*** RECORDS SUPPLIED Section Begins ***

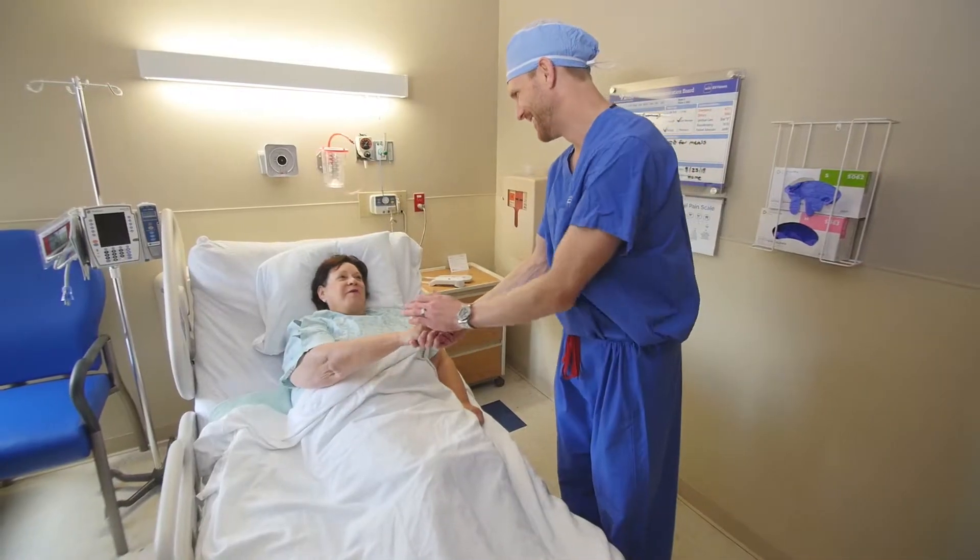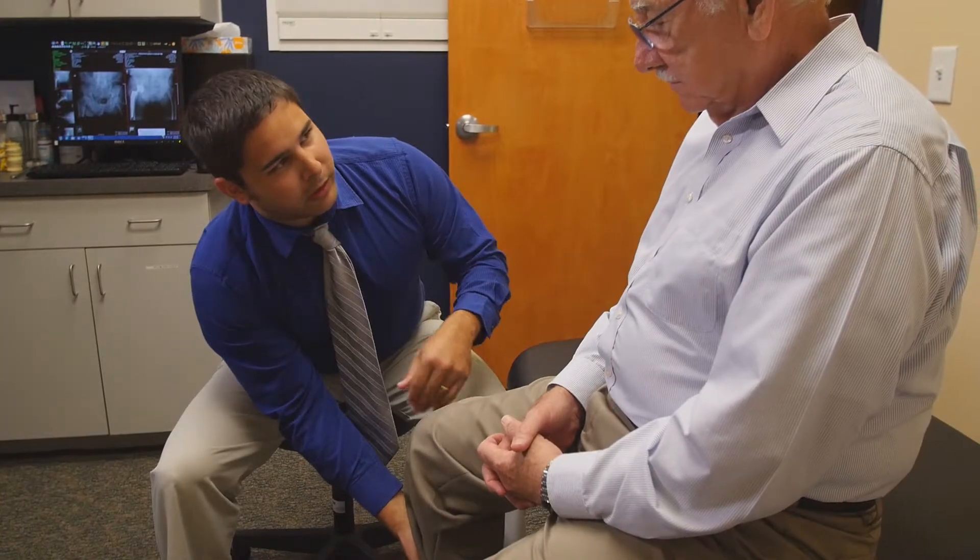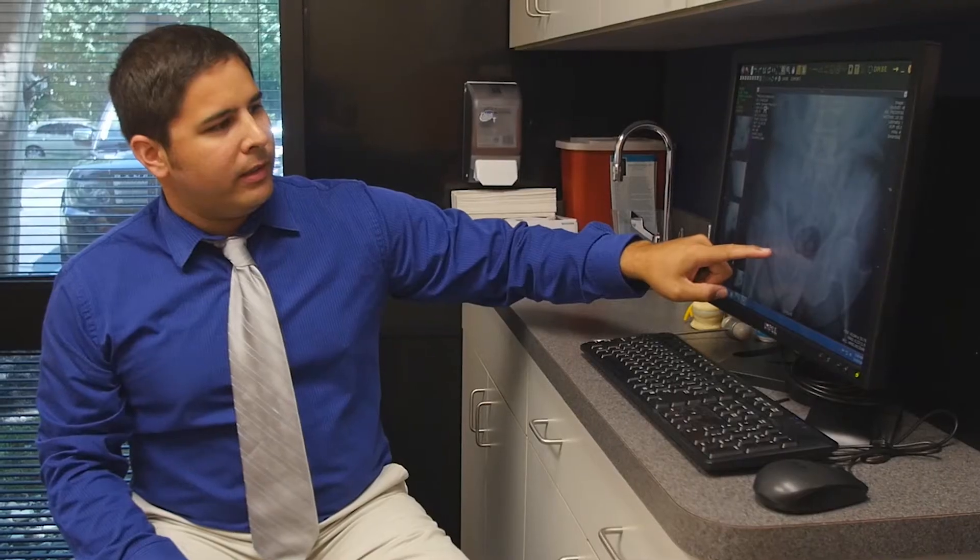The people in this practice all have an unbelievably wonderful bedside manner. We really have a team approach. Mike is the physician assistant that works with me in the office, and he's more capable to take care of patients in the preoperative education process.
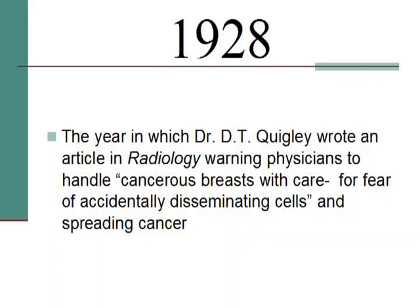In 1928, Dr. Quigley wrote: 'be careful of handling cancerous breasts for fear of accidentally disseminating cells.' If you take a breast that has a cancer in it, put it between two 50-pound plates and compress it — what happens to the cancer cells? In 1928, they already knew.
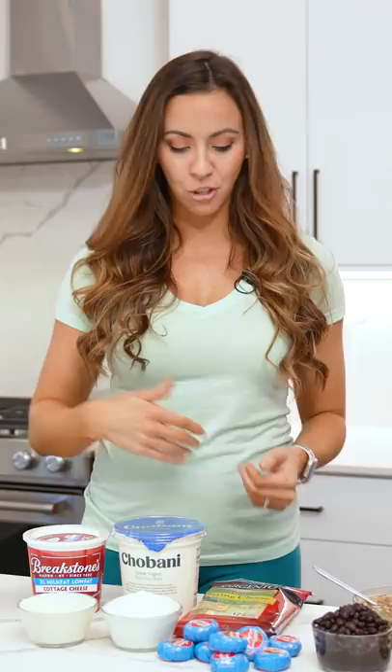Moving down to something that I try to consume daily is dairy. We've got Greek yogurt, cottage cheese, string cheese, and baby bell cheese. I know a lot of people kind of forget about cheese and dairy products as being high in protein, but that's a great place to start for snacks.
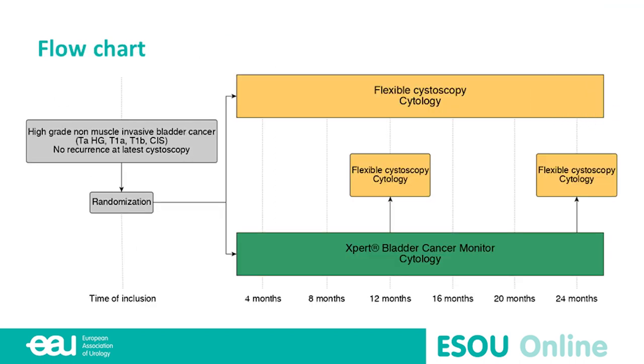Patients are randomized to the control arm versus the intervention arm, where cystoscopy is only performed once per year during the two-year follow-up period. Cystoscopy is additionally triggered if either the urinary marker or cytology is positive. The intervals between testing in the two arms are identical.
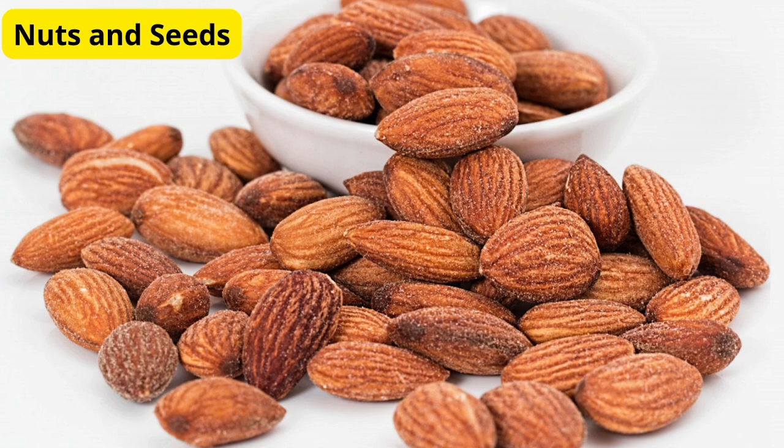For a snack, you can't go wrong with nuts and seeds. Almonds, walnuts, chia seeds, and flax seeds are all fantastic options. They're great sources of healthy fats, protein, and fiber. You can add them to smoothies, yogurt, or just eat them by the handful. Here's a quick snack mix I love: a handful of almonds, some pumpkin seeds, and a few dried cranberries. It's perfect for when you're on the go.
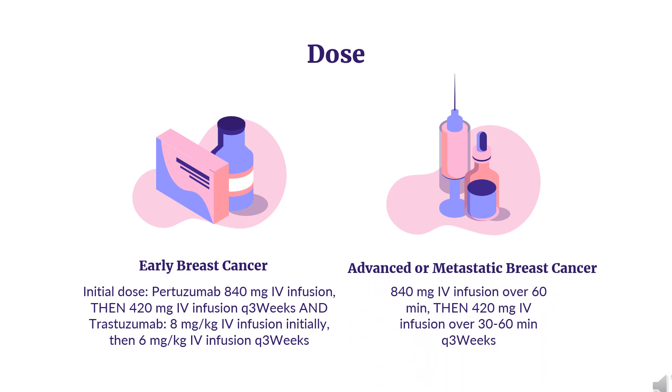For metastatic breast cancer, Pertuzumab is indicated in combination with Trastuzumab and Docetaxel for HER2-positive metastatic breast cancer in patients who have not received prior anti-HER2 therapy or chemotherapy for metastatic disease. Initial dose: 840 mg infusion over 60 minutes, then 420 mg infusion over 30–60 minutes every 3 weeks. Trastuzumab: 8 mg/kg over 90 minutes initially, then 6 mg/kg over 30–90 minutes every 3 weeks. Docetaxel: 75 mg/m² initially, may increase to 100 mg/m² every 3 weeks if well-tolerated.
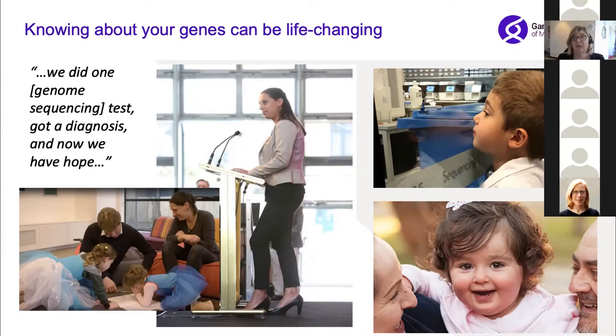She said that she'd had to experiment with a huge number of medicines that as a parent she wouldn't want to give to a child, but then they did one genome sequencing test, they got one diagnosis, and now they have hope. This information can be really, really powerful for families.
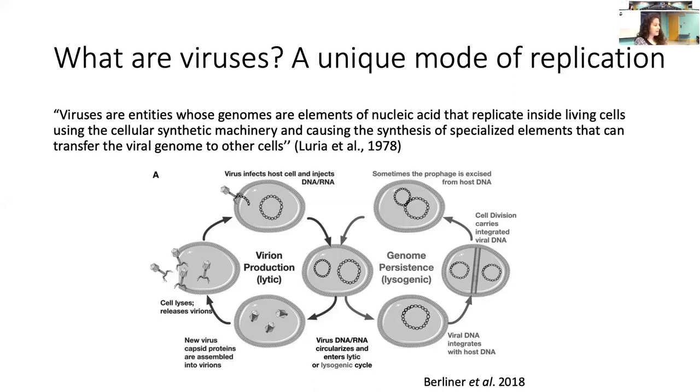If we back up and think about what a virus is — it's contentious to define, but viruses are entities whose genomes are elements of nucleic acid that replicate inside living cells using the cellular synthetic machinery, causing the synthesis of specialized elements that can transfer the viral genome to other cells. In the basic viral cycle, virions attach to a host cell, the viral genome enters, reprogramming the cellular machinery to produce more virions, which are eventually released and can infect other host cells. It's interesting to think of viruses as this whole process rather than any individual particle — the virions outside cells are akin to seeds that can only replicate inside a living host cell.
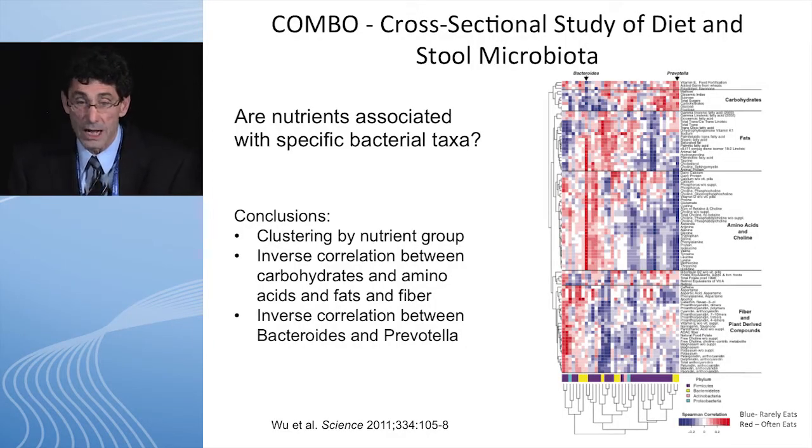Then we did a study at Penn — we called it the COMBO study — a cross-sectional study of diet and stool microbiome. We asked: are nutrients associated with specific bacterial taxa? If you look at this heat map, the columns represent bacteroides and prevotella, and the rows are nutritional supplements, carbohydrates, and fats. You can see clear clustering by nutritional groups — an interrelationship between carbohydrates, amino acids, fat, and fiber. Red means you eat a lot of the product; blue means you don't eat very much. The bacteroides don't eat a lot of carbohydrates but eat a lot of meats and fats, while the prevotella people eat more carbohydrates and less fats.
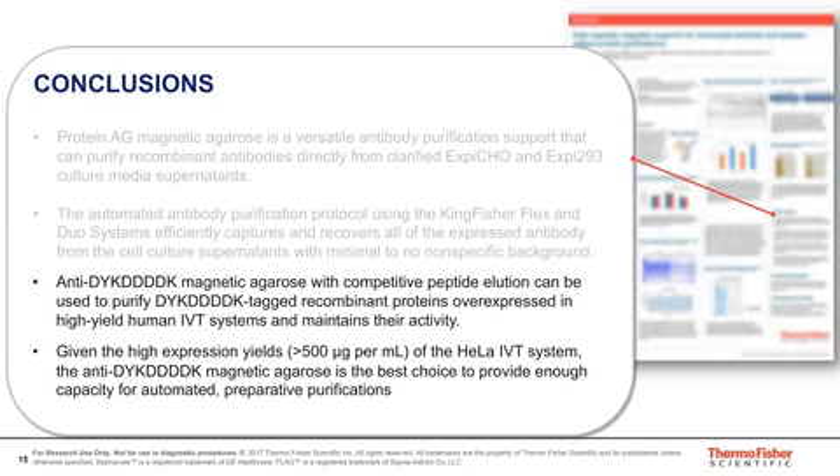The next question is: is tag removal possible following elution? Assuming that question is with respect to the DYK-D4K tag, yes, you can cleave that with enterokinase. That recognition sequence is inherent and built into that tag, so as long as the tag is present with the four Ds and the K, you will be able to cleave that. We haven't used a protease to elute the captured protein, but you can easily cleave it off after it's eluted.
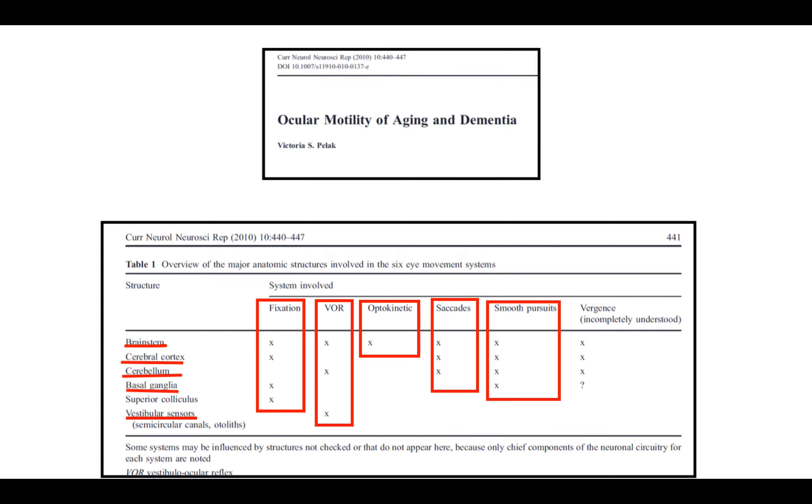Here's a great book — Ocular Motility of Aging and Dementia Patients. It shows all the structures involved: the brainstem, cerebral cortex, cerebellum, basal ganglia, and vestibular sensors, and the systems involved — fixation, vestibulo-ocular reflex, optokinetic, saccades, and smooth pursuits. What we did was develop video games that could help increase stimulation to certain areas in the brain. By increasing stimulation to certain brain areas, we increase blood flow to that area and can start strengthening these systems.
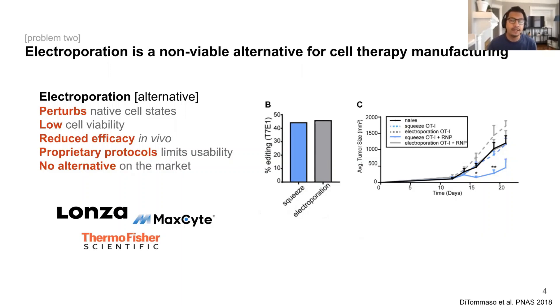Therefore, it's becoming more and more of a challenge to actually envision electroporation as a viable alternative to, one, generate optimal T-cell products that we put into patients, and two, to do so at a clinical and commercially viable scale.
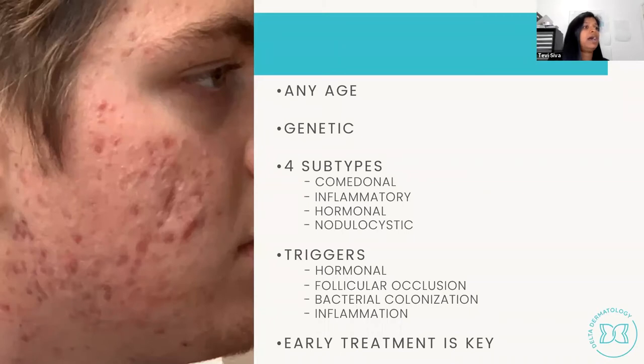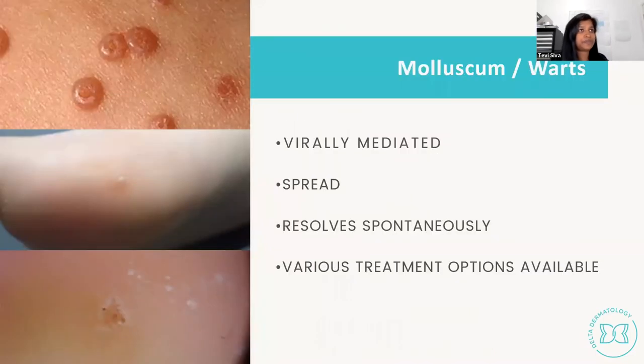Acne has a multifactorial pathogenesis involving hormonal factors, follicular occlusion, bacterial colonization, and inflammation. Early treatment is key to management. Other common skin conditions I see include molluscum contagiosum and warts — both virally mediated, molluscum by poxvirus and warts by HPV, with many HPV strains affecting different body parts.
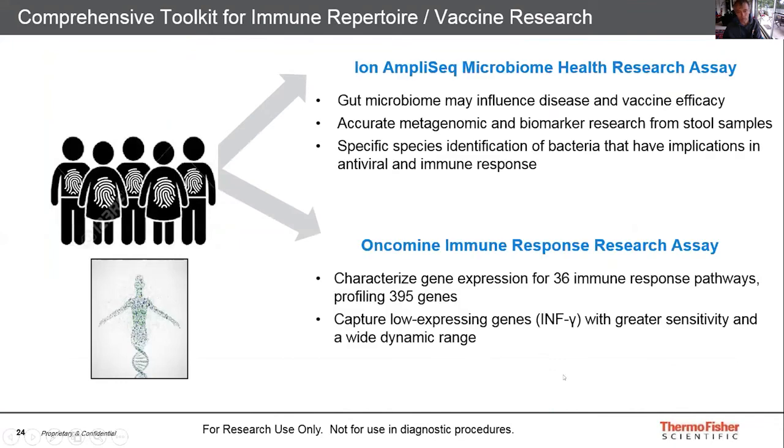Part of our immune repertoire toolkit is also the microbiome and immune response research assays. These assays provide different information around how our immune system responds to viral infections, whether you're looking at the effect of the gut microbiome on susceptibility to infection, or looking at immune response research assays to characterize immune pathways and detect very low expressing genes with greater sensitivity using NGS.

*** RECORDS SUPPLIED Section Ends ***

YOUR GOAL —
What the response needs is every entry, repeated exactly, and none of the pictures.

WORKED SOLUTION —
The people in this practice all have an unbelievably wonderful bedside manner. We really have a team approach. Mike is the physician assistant that works with me in the office, and he's more capable to take care of patients in the preoperative education process.
In 1928, Dr. Quigley wrote: 'be careful of handling cancerous breasts for fear of accidentally disseminating cells.' If you take a breast that has a cancer in it, put it between two 50-pound plates and compress it — what happens to the cancer cells? In 1928, they already knew.
Moving down to something that I try to consume daily is dairy. We've got Greek yogurt, cottage cheese, string cheese, and baby bell cheese. I know a lot of people kind of forget about cheese and dairy products as being high in protein, but that's a great place to start for snacks.
Patients are randomized to the control arm versus the intervention arm, where cystoscopy is only performed once per year during the two-year follow-up period. Cystoscopy is additionally triggered if either the urinary marker or cytology is positive. The intervals between testing in the two arms are identical.
For a snack, you can't go wrong with nuts and seeds. Almonds, walnuts, chia seeds, and flax seeds are all fantastic options. They're great sources of healthy fats, protein, and fiber. You can add them to smoothies, yogurt, or just eat them by the handful. Here's a quick snack mix I love: a handful of almonds, some pumpkin seeds, and a few dried cranberries. It's perfect for when you're on the go.
For metastatic breast cancer, Pertuzumab is indicated in combination with Trastuzumab and Docetaxel for HER2-positive metastatic breast cancer in patients who have not received prior anti-HER2 therapy or chemotherapy for metastatic disease. Initial dose: 840 mg infusion over 60 minutes, then 420 mg infusion over 30–60 minutes every 3 weeks. Trastuzumab: 8 mg/kg over 90 minutes initially, then 6 mg/kg over 30–90 minutes every 3 weeks. Docetaxel: 75 mg/m² initially, may increase to 100 mg/m² every 3 weeks if well-tolerated.
She said that she'd had to experiment with a huge number of medicines that as a parent she wouldn't want to give to a child, but then they did one genome sequencing test, they got one diagnosis, and now they have hope. This information can be really, really powerful for families.
If we back up and think about what a virus is — it's contentious to define, but viruses are entities whose genomes are elements of nucleic acid that replicate inside living cells using the cellular synthetic machinery, causing the synthesis of specialized elements that can transfer the viral genome to other cells. In the basic viral cycle, virions attach to a host cell, the viral genome enters, reprogramming the cellular machinery to produce more virions, which are eventually released and can infect other host cells. It's interesting to think of viruses as this whole process rather than any individual particle — the virions outside cells are akin to seeds that can only replicate inside a living host cell.
Then we did a study at Penn — we called it the COMBO study — a cross-sectional study of diet and stool microbiome. We asked: are nutrients associated with specific bacterial taxa? If you look at this heat map, the columns represent bacteroides and prevotella, and the rows are nutritional supplements, carbohydrates, and fats. You can see clear clustering by nutritional groups — an interrelationship between carbohydrates, amino acids, fat, and fiber. Red means you eat a lot of the product; blue means you don't eat very much. The bacteroides don't eat a lot of carbohydrates but eat a lot of meats and fats, while the prevotella people eat more carbohydrates and less fats.
The next question is: is tag removal possible following elution? Assuming that question is with respect to the DYK-D4K tag, yes, you can cleave that with enterokinase. That recognition sequence is inherent and built into that tag, so as long as the tag is present with the four Ds and the K, you will be able to cleave that. We haven't used a protease to elute the captured protein, but you can easily cleave it off after it's eluted.
Here's a great book — Ocular Motility of Aging and Dementia Patients. It shows all the structures involved: the brainstem, cerebral cortex, cerebellum, basal ganglia, and vestibular sensors, and the systems involved — fixation, vestibulo-ocular reflex, optokinetic, saccades, and smooth pursuits. What we did was develop video games that could help increase stimulation to certain areas in the brain. By increasing stimulation to certain brain areas, we increase blood flow to that area and can start strengthening these systems.
Therefore, it's becoming more and more of a challenge to actually envision electroporation as a viable alternative to, one, generate optimal T-cell products that we put into patients, and two, to do so at a clinical and commercially viable scale.
Acne has a multifactorial pathogenesis involving hormonal factors, follicular occlusion, bacterial colonization, and inflammation. Early treatment is key to management. Other common skin conditions I see include molluscum contagiosum and warts — both virally mediated, molluscum by poxvirus and warts by HPV, with many HPV strains affecting different body parts.
Part of our immune repertoire toolkit is also the microbiome and immune response research assays. These assays provide different information around how our immune system responds to viral infections, whether you're looking at the effect of the gut microbiome on susceptibility to infection, or looking at immune response research assays to characterize immune pathways and detect very low expressing genes with greater sensitivity using NGS.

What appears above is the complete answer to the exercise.